How can I talk to clients about the uncertainty in models? I recently had a client who wanted to find the lowest cost solution of several design options. Some of the options performed very similarly, probably within the simulation’s margin of error. I want to explain to clients like this that I can’t guarantee one “best” option, but I don’t want to sound like I lack confidence in my models.
– Uncertain in Urbana
My first instinct is to recommend that you bang loudly on your client’s desk while shouting the aphorism (generally attributed to the statistician George Box), ‘ALL MODELS ARE WRONG BUT SOME ARE USEFUL!!!!! ALL MODELS ARE WRONG BUT SOME ARE USEFUL!!!!!’
In case this approach is a bit heavy-handed, here are some practical suggestions to help bridge the modeling gap and help your client have more faith in the uncertain world of energy simulations:
Know your client
This might seem obvious, but it’s important to be aware of your client’s areas of technical acumen.
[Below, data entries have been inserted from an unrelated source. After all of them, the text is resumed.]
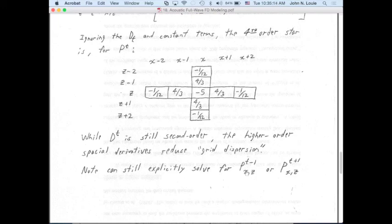Student question: how does frequency come into play — how would this behave differently for a low frequency versus a high frequency source? The instructor clarifies he was talking about low versus high spatial frequency.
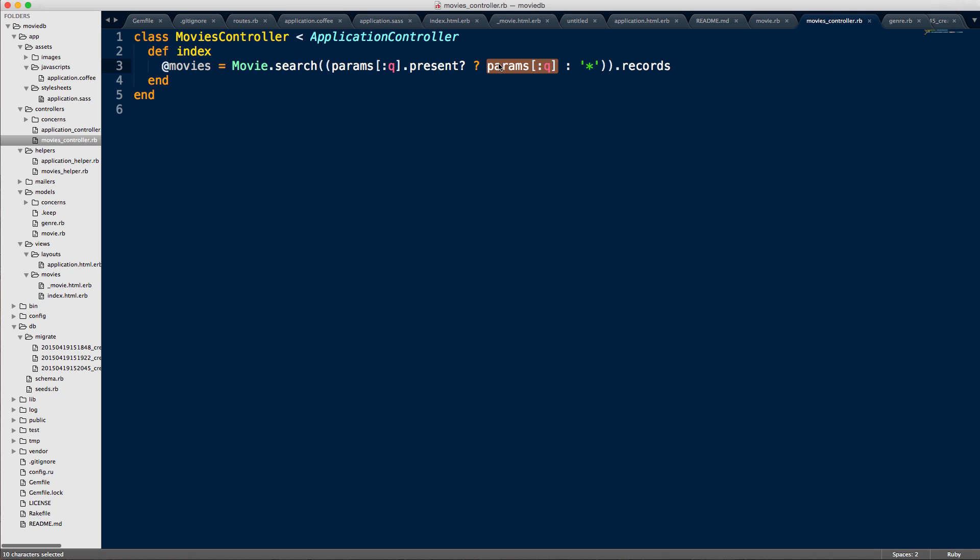then we pass the query into this search as an argument. But if we don't, we pass this asterisk here, which is why we have the, you know, like when we don't pass anything in, it shows all the records. And then we do a .records and then essentially that will get us, you know, the records to display on the page.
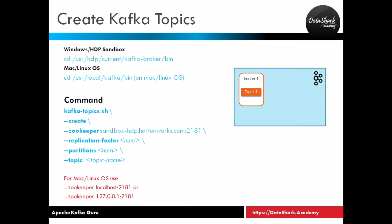If you're using a Sandbox Windows environment, then your ZooKeeper server will be something like sandbox-hdp.hortonworks.com and the port will be 2181. If you're on a Mac or Linux operating system, then your ZooKeeper server will be running either on the localhost or on 127.0.0.1 and the port number will be the same. I'm going to show this to you on the Windows terminal, but you can run the same command on Mac OS as well.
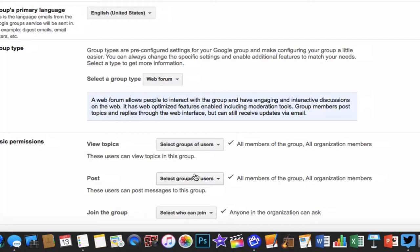I will get a notification as the one who created the group, and I will choose whether to approve or deny their request. If I approve them, then it has created our own group that we can post messages in.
Are they well-versed in HVAC or are they coming from more of a financial background? How interested are they really in digging into an energy model’s minutiae? The answer might surprise you.
Knowing how to read the room is essential; just as it’s important to not be overly-technical when communicating modeled results, it’s also important not to sound like you’re being dismissive of what could be a well-informed concern.
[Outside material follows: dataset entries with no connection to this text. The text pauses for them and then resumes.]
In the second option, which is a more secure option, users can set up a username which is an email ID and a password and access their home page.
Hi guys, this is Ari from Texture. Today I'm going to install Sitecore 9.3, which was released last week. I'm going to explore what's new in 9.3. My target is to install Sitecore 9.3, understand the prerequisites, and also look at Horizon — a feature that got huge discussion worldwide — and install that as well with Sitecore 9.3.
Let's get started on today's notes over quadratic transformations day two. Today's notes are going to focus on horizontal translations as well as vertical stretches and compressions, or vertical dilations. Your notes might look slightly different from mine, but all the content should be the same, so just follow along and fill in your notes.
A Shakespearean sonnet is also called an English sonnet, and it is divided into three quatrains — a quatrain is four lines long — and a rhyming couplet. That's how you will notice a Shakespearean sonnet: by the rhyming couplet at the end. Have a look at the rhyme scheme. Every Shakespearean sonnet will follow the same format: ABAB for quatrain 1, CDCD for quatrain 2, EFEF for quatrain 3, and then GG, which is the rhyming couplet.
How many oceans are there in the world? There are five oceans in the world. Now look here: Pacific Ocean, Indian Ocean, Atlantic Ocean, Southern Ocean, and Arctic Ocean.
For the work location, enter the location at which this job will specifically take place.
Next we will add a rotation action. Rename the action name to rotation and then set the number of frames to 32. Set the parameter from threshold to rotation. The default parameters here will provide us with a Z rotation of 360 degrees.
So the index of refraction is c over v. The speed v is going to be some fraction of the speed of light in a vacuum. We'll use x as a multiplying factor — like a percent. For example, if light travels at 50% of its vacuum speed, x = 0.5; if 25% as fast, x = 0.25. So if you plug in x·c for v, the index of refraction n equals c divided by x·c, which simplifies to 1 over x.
Consider using ranges for reported results
An ECM table that shows savings of $565, $823, $592, and $763 per year is probably too granular for a mid-to-large-size building. In cases of small relative savings, a range of $500-$1,000 (or even establishing a lower boundary like <$2,000) might be more appropriate.
By presenting savings as appropriately-binned ranges or thresholds, you’ll bring the inherent uncertainty of modeling into focus, and you’ll also save your client the eye-strain of parsing through a sea of insignificant single-digit values.
Don’t blame everything on uncertainty (aka: “maybe you just screwed up”)
Woe betide the modeler who fell back on the nebulous “statistical uncertainty” excuse when their plant reports showed a chiller peaking at a COP of 42 because of a condenser water controls typo, and their client noticed it before they did.
We’re all used to seeing counterintuitive results, but there’s a big difference between counterintuitive and physically impossible. If your client trusts that you’ll own up to a fat-finger mistake rather than muddying the waters with implausible jargon, they’ll be more likely to trust you when you make an articulate case for a truly unanticipated (and potentially informative) result.
When all else fails: Don’t be afraid to get wonky
Sometimes, the best answer might just be to actually talk to them about uncertainty.
It’s probably not a great idea to kick off a design charrette with a dissertation on sensitivity studies and ASHRAE Standard 140, but it doesn’t hurt to have some higher-level technical literacy in your back pocket if you’re really getting pressed on your results. Talk to your client about variation in weather files or unpredictable infiltration rates, day-two occupancy changes or altered controls sequences. Talk to them about whatever you need to in order to help them understand that you’re working with a model—and that no model will perfectly represent reality. But if you’ve done your job, it will at least be useful.